__What this task involves__: All lines in the entries below that hold "with" make up the answer.

*** Opening of Data records ***

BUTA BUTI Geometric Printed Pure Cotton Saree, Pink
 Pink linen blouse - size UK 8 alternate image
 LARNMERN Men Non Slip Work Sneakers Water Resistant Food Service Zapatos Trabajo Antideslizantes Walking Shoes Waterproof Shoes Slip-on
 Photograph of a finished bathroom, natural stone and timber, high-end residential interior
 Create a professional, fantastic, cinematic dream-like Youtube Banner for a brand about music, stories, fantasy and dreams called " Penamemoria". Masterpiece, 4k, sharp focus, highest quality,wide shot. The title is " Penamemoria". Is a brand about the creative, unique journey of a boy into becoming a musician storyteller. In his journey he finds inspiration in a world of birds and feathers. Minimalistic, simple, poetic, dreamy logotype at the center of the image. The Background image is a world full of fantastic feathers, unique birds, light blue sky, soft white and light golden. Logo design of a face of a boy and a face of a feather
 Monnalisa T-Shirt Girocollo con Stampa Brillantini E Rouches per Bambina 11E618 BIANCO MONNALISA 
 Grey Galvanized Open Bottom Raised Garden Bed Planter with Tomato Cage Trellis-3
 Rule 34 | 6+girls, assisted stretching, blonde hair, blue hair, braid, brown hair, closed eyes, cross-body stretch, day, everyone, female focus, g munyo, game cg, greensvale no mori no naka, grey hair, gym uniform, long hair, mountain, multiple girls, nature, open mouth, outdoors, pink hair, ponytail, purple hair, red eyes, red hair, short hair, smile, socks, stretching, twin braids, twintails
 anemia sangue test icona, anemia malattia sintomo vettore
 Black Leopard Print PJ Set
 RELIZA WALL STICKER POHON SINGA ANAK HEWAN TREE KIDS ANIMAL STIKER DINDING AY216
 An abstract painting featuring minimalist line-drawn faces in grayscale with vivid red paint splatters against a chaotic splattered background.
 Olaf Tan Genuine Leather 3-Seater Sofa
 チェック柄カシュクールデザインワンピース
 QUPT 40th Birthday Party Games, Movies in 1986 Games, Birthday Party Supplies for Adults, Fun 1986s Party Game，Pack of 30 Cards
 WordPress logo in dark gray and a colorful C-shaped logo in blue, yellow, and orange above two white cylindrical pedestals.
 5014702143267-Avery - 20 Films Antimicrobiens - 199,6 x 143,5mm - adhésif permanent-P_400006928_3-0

*** Close of Data records ***

__Answer box__:
 Grey Galvanized Open Bottom Raised Garden Bed Planter with Tomato Cage Trellis-3
 An abstract painting featuring minimalist line-drawn faces in grayscale with vivid red paint splatters against a chaotic splattered background.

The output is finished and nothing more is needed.